5. Employment Compliance
Contracts and Labor Law
Sri Lankan labor law is employer-unfriendly on certain dimensions — dismissal procedures are regulated, and failure to follow correct process creates significant legal exposure. Key requirements:
- Written employment contracts are mandatory and must be provided to employees before or at the time of hiring
- Contracts should clearly define role, compensation, working hours, notice periods, and termination conditions
- Non-disclosure, IP assignment, and non-compete clauses must be drafted for Sri Lankan enforceability by a qualified local lawyer — standard templates from other jurisdictions often do not hold up
Visas and Work Authorization
Foreign nationals working in Sri Lanka — including Chinese executives or technical leads stationed there — require valid work authorization. Business visas are appropriate for short-term visits only. Extended presence and active work require a Residence Visa or Employment Visa obtained through the proper channels.
The Sri Lanka Department of Immigration conducts enforcement actions. Non-compliance creates personal immigration risk for the individuals involved and reputational risk for the entity.
IP Assignment and Confidentiality
For gaming companies, code and content are the crown jewels. Employment contracts must unambiguously assign all work product created during employment to the company. Align your Sri Lankan IP assignment clauses with the Intellectual Property Act of Sri Lanka and confirm coverage with local counsel.
Compliance Roadmap: Prioritized by Phase
Pre-Launch (Non-Negotiable)
- International tax review — POEM risk assessment
- Transfer pricing methodology scoped
- Employment contract templates reviewed by Sri Lankan counsel
- Visa and work permit plan for all foreign assignees
First 90 Days 5. PDPA compliance assessment for data flows involving the Sri Lanka team 6. Foreign exchange procedures established with banking partner 7. IP protection mechanisms embedded in contracts and systems
Ongoing 8. Annual transfer pricing documentation update 9. Compliance training: data protection, AML awareness, workplace conduct 10. Periodic legal review as headcount and functions scale
MMD provides end-to-end setup services for offshore teams in Sri Lanka, including company registration, visa processing, employment contract review coordination, and ongoing HR operations. We work with trusted local legal, tax, and FX partners to ensure your compliance architecture is solid from day one. Reach out on Telegram: @MMD_BPO
FAQ
- Can a gaming company obtain an operating license in Sri Lanka?
- Sri Lanka does not currently issue international online gaming or gambling operating licenses. Most offshore gaming companies establish support entities in Sri Lanka — for tech, customer service, and operations — while holding their player-facing licenses in jurisdictions such as Malta (MGA), the Philippines (PAGCOR/CEZA), or the Isle of Man.

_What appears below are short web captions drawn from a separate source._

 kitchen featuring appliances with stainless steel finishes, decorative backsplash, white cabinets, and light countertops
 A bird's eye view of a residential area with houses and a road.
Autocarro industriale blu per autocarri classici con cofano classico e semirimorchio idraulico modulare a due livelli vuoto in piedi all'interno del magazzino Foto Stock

- Will having a team in Sri Lanka affect our parent company's tax residency?
- Potentially, yes. If the Sri Lanka entity effectively exercises core management and control functions of the group, tax authorities may apply the 'Place of Effective Management' (POEM) doctrine and deem the parent company a Sri Lankan tax resident. This risk is manageable with proper structural design, but must be evaluated by an international tax adviser before setting up.
- Does Sri Lanka have data protection laws that apply to gaming operations?

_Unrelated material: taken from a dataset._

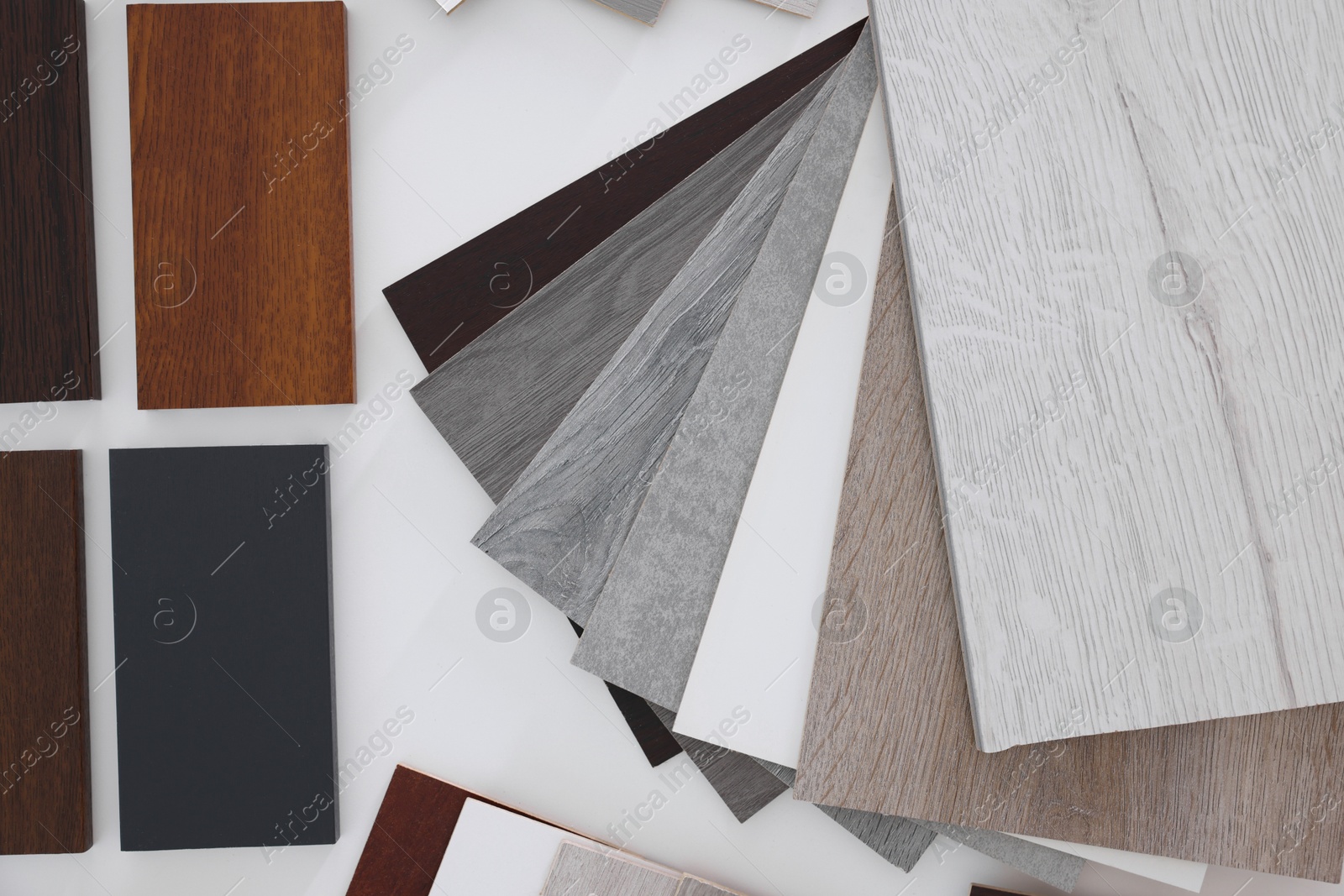 Photo of Different samples of wooden flooring on white table, top view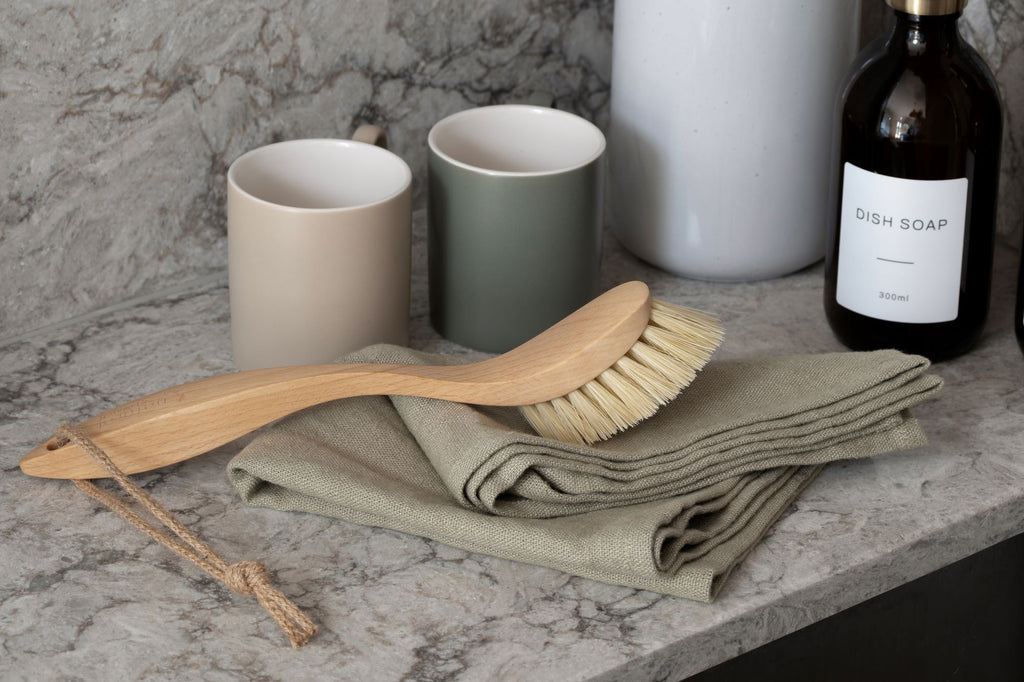 Natural by Hillbrush Stiff Dish Brush on the side of kitchen sink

- Yes. The Personal Data Protection Act (PDPA 2022) governs the collection and processing of personal data in Sri Lanka. If your games serve EU/EEA users, GDPR also applies extraterritorially to your Sri Lanka-based team. Compliance with both should be built into system design and operational workflows from day one.

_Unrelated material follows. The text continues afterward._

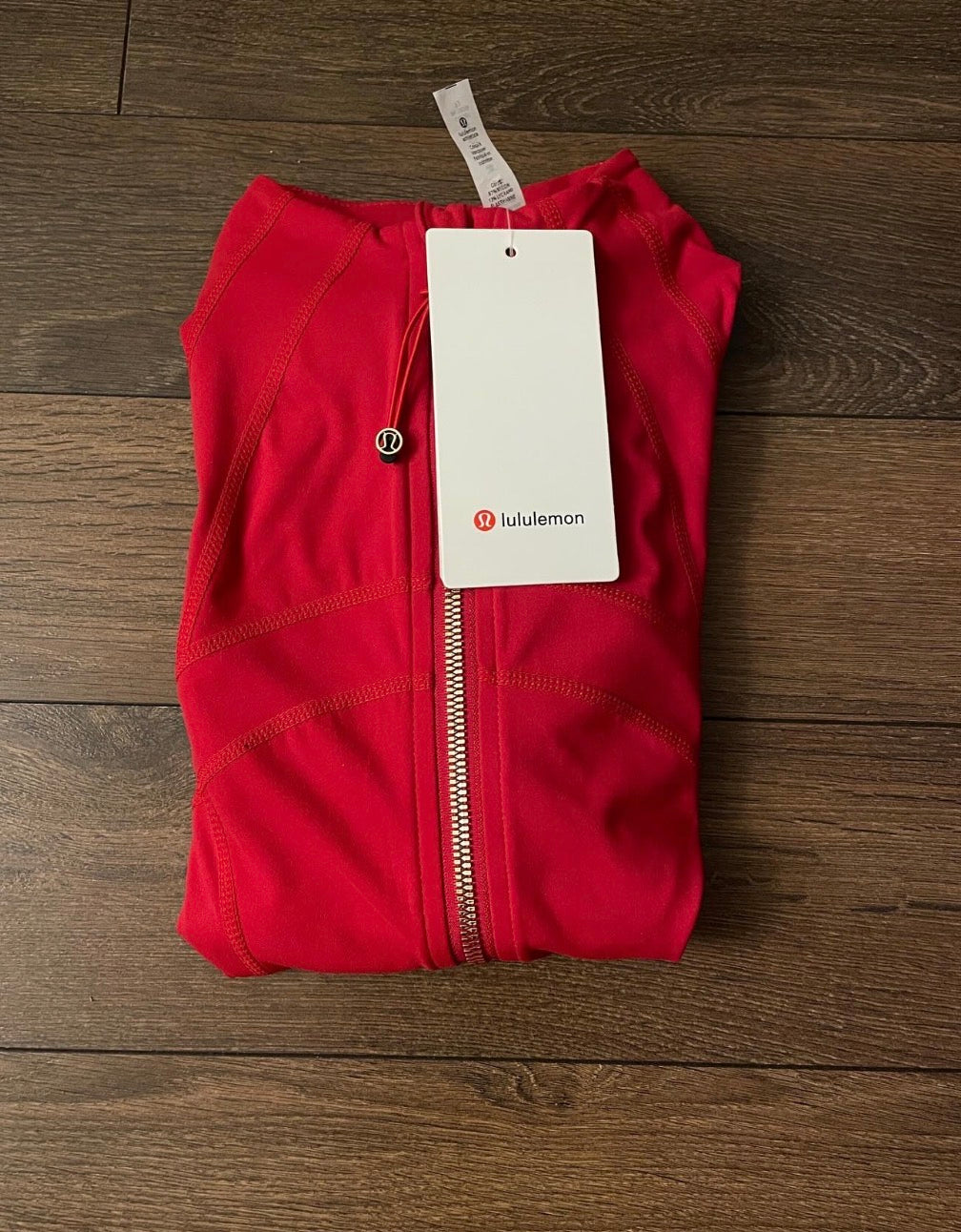 Red lululemon jacket + gold zip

- What foreign exchange rules affect cross-border payments from a Sri Lanka subsidiary?
- Sri Lanka's Foreign Exchange Act regulates both inflows and outflows. Intercompany service fee payments, profit remittances, and other cross-border transfers require supporting contracts, invoices, and in some cases Central Bank approval. Always verify current requirements with a licensed forex adviser.